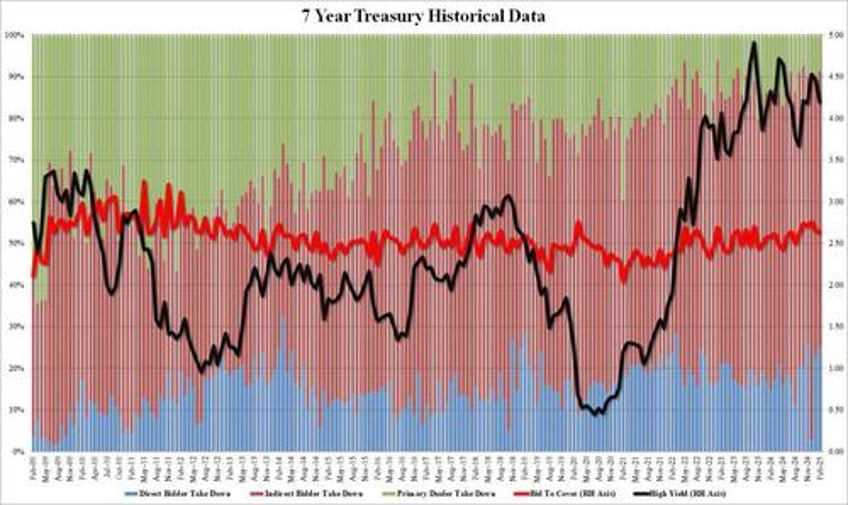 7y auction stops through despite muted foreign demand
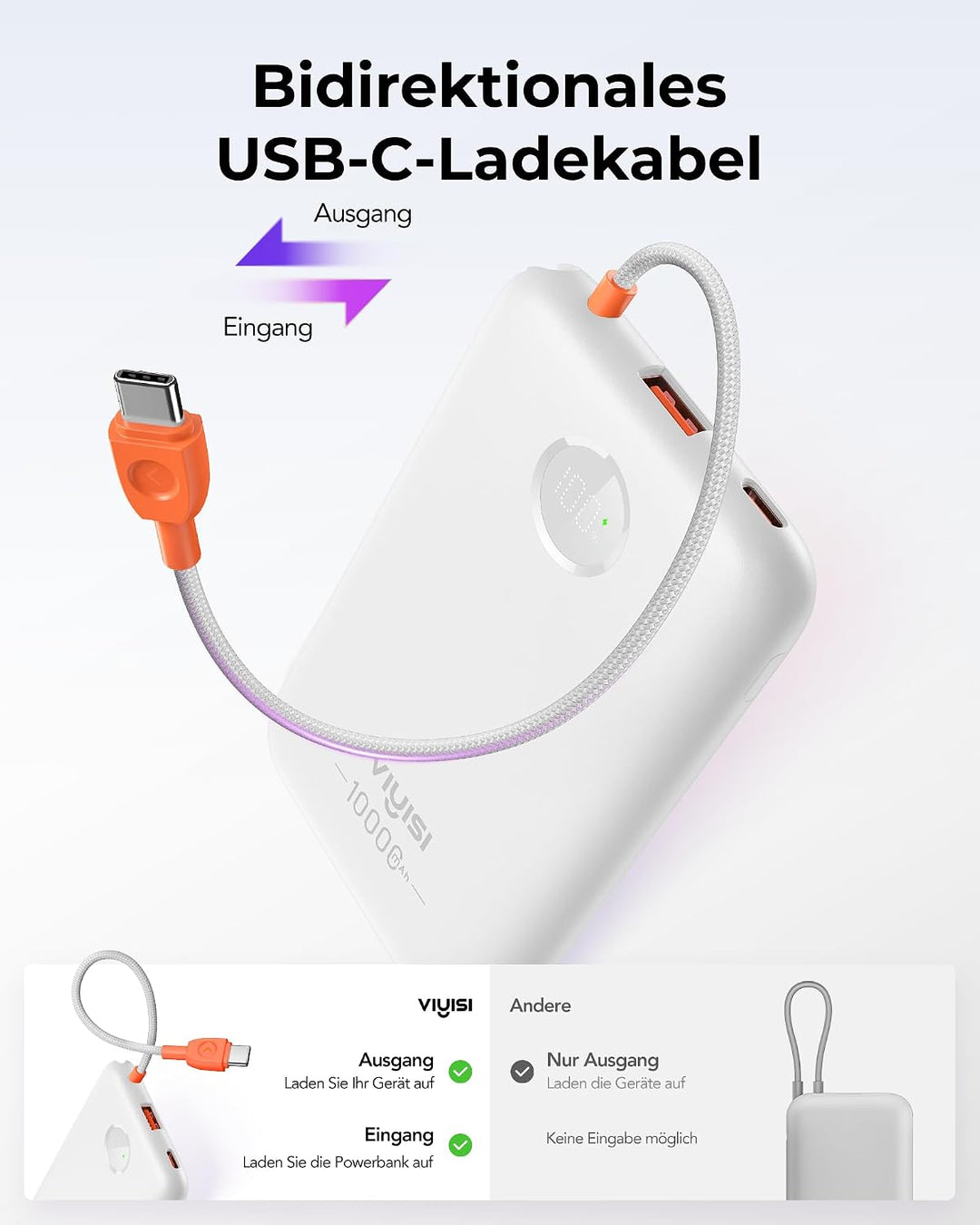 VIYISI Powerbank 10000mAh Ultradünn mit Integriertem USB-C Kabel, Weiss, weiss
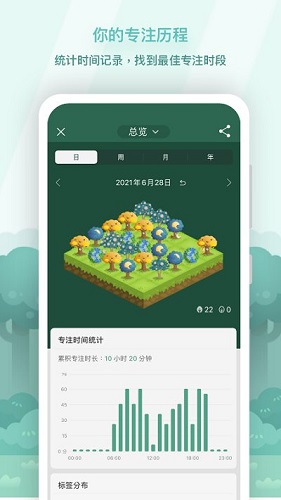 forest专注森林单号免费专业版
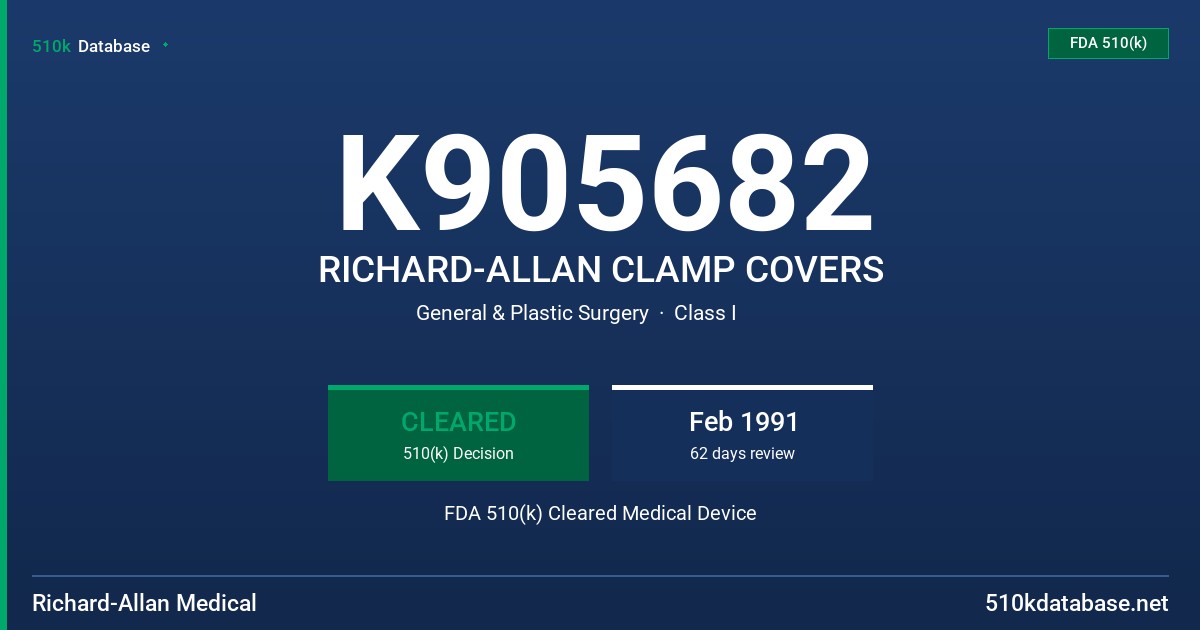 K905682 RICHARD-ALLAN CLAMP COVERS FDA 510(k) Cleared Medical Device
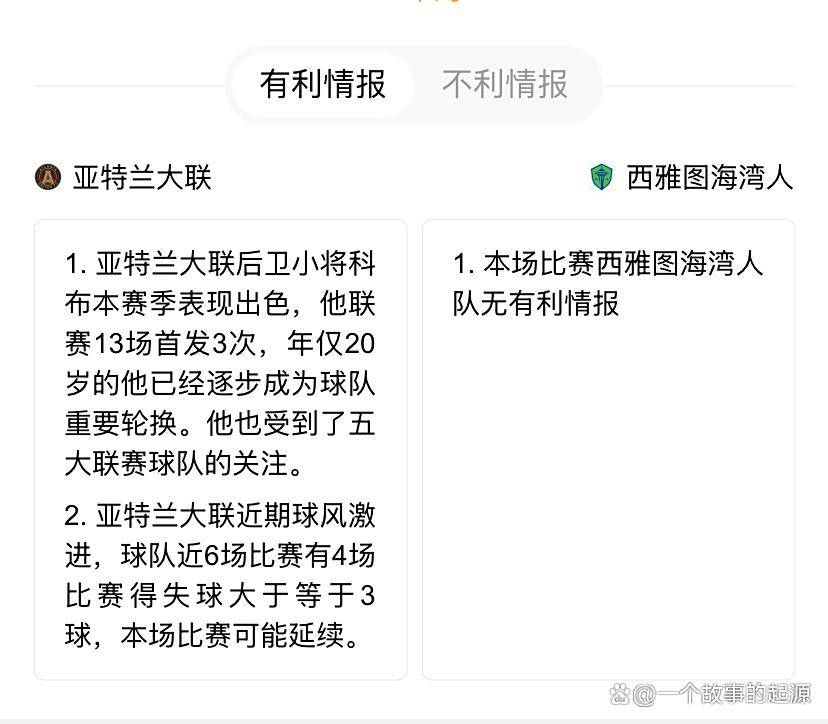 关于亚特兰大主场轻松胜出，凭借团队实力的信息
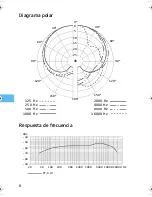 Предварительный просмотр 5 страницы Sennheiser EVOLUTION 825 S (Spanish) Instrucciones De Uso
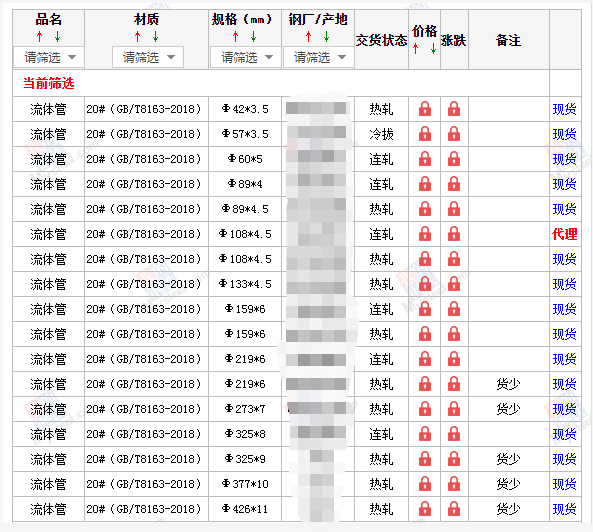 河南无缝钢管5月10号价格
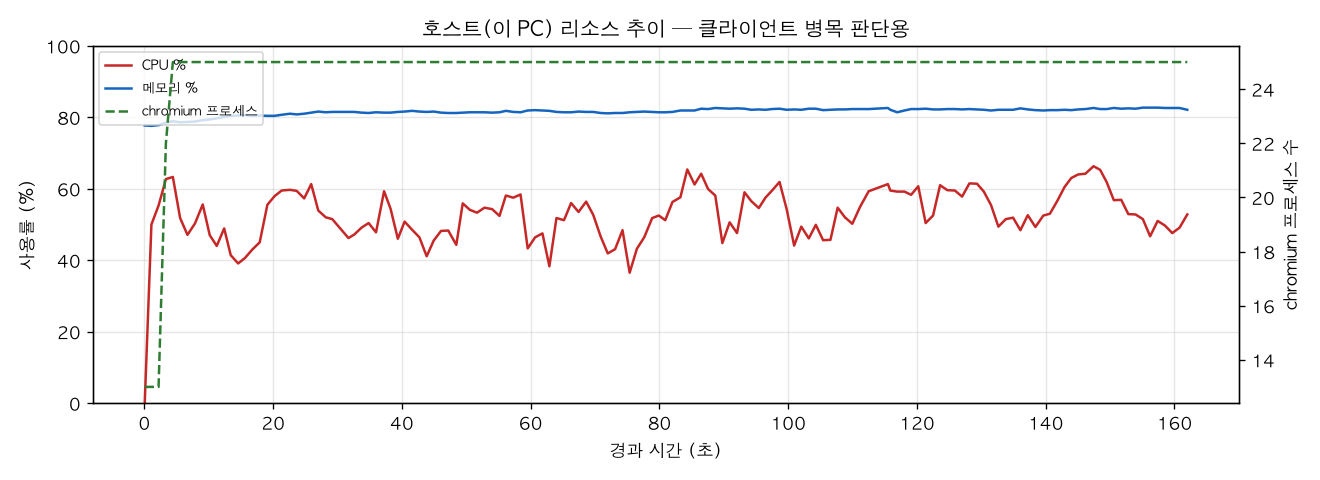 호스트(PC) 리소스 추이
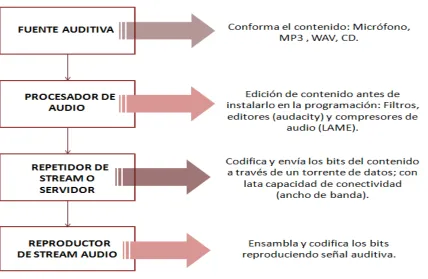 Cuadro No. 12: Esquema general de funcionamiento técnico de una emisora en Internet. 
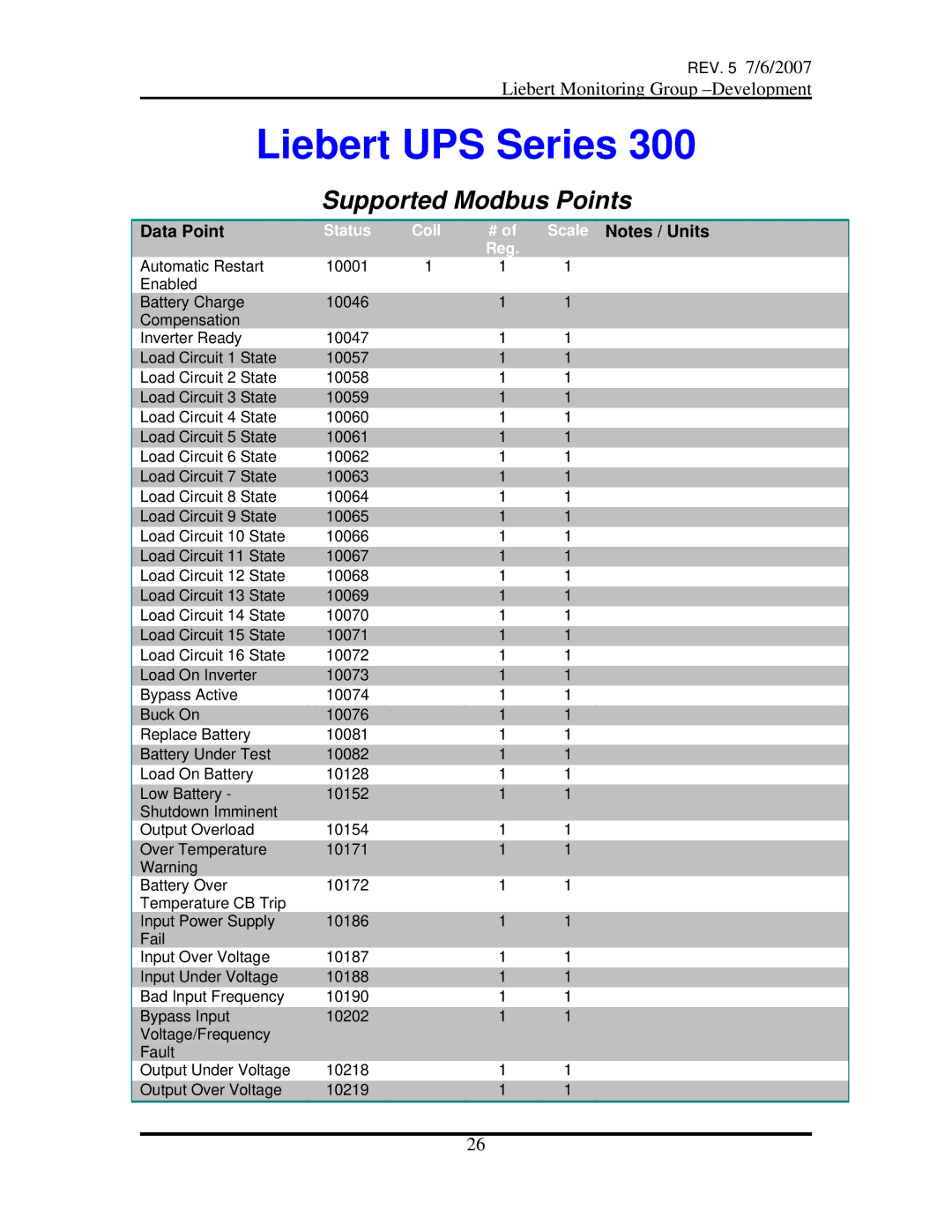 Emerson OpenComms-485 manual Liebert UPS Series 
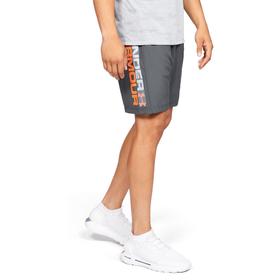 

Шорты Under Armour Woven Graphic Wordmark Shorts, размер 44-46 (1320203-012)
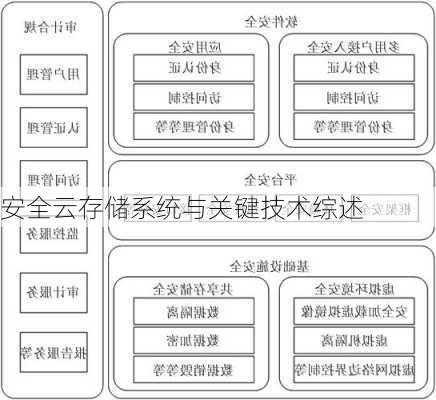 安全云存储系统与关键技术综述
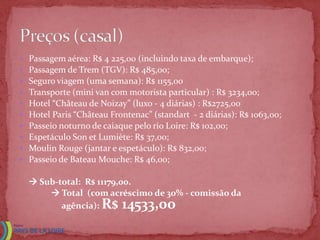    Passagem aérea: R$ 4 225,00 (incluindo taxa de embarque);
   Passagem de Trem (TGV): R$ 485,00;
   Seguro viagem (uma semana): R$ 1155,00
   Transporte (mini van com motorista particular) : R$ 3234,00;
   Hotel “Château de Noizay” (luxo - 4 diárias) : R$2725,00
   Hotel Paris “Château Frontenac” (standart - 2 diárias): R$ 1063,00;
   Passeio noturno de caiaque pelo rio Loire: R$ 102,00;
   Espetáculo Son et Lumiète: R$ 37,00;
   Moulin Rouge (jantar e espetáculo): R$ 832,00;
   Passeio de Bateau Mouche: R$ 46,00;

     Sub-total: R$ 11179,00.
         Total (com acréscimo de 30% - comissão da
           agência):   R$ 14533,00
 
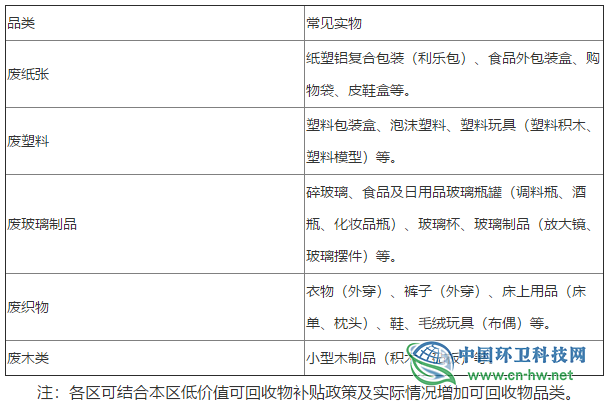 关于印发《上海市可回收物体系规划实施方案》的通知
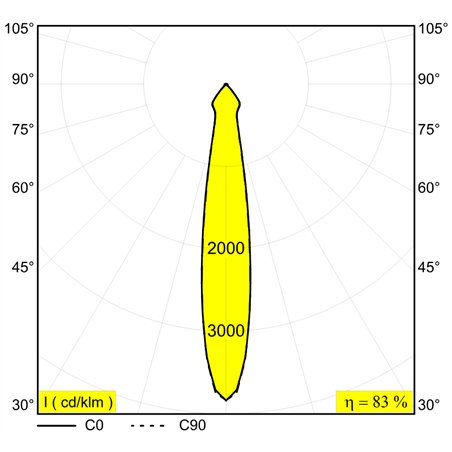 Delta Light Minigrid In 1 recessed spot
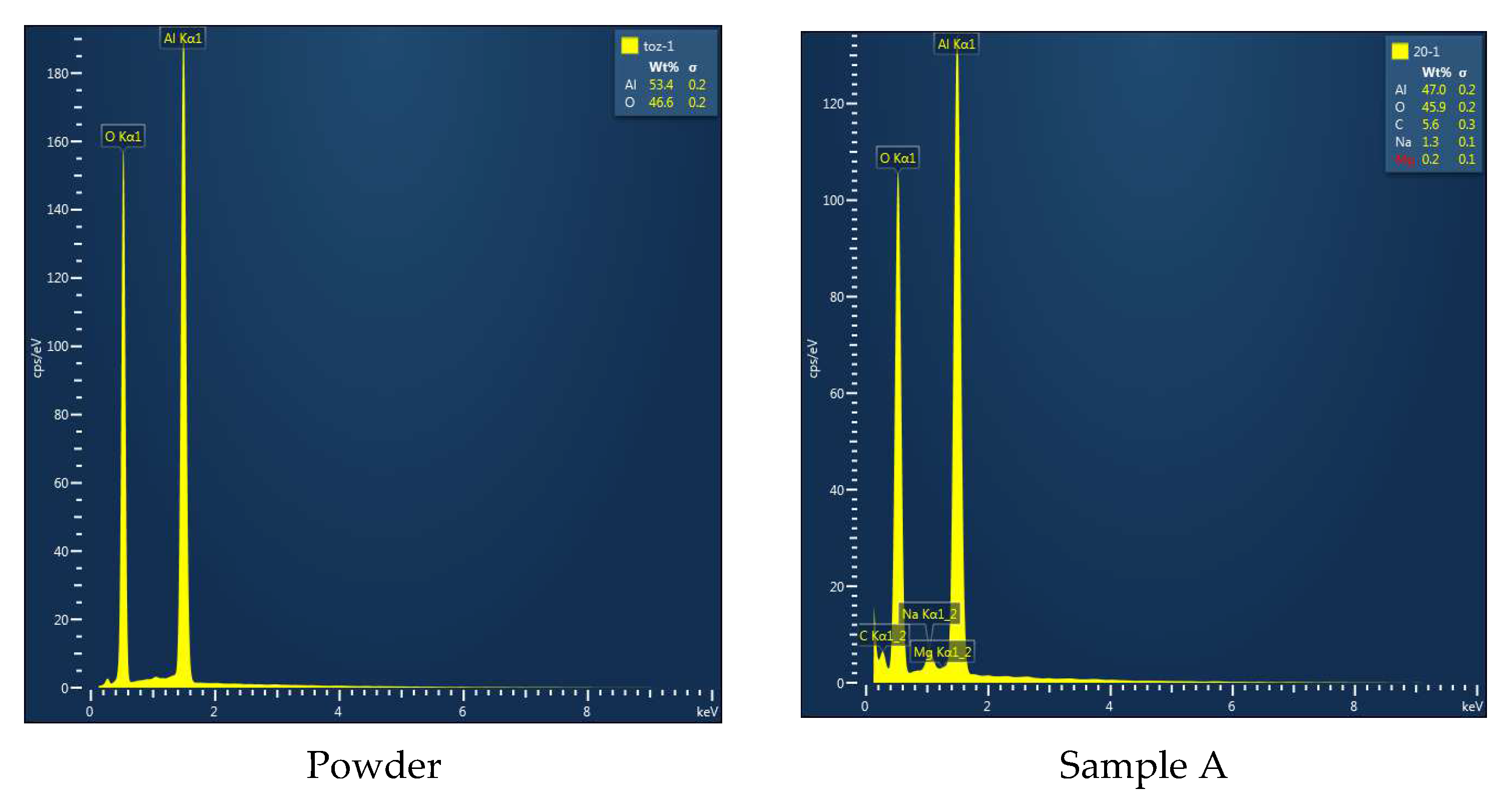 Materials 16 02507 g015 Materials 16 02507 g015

*****

EXERCISE PROMPT:
Read the data above. Pull out each line in which the string "Château" appears.

FINAL ANSWER:
   Hotel “Château de Noizay” (luxo - 4 diárias) : R$2725,00
   Hotel Paris “Château Frontenac” (standart - 2 diárias): R$ 1063,00;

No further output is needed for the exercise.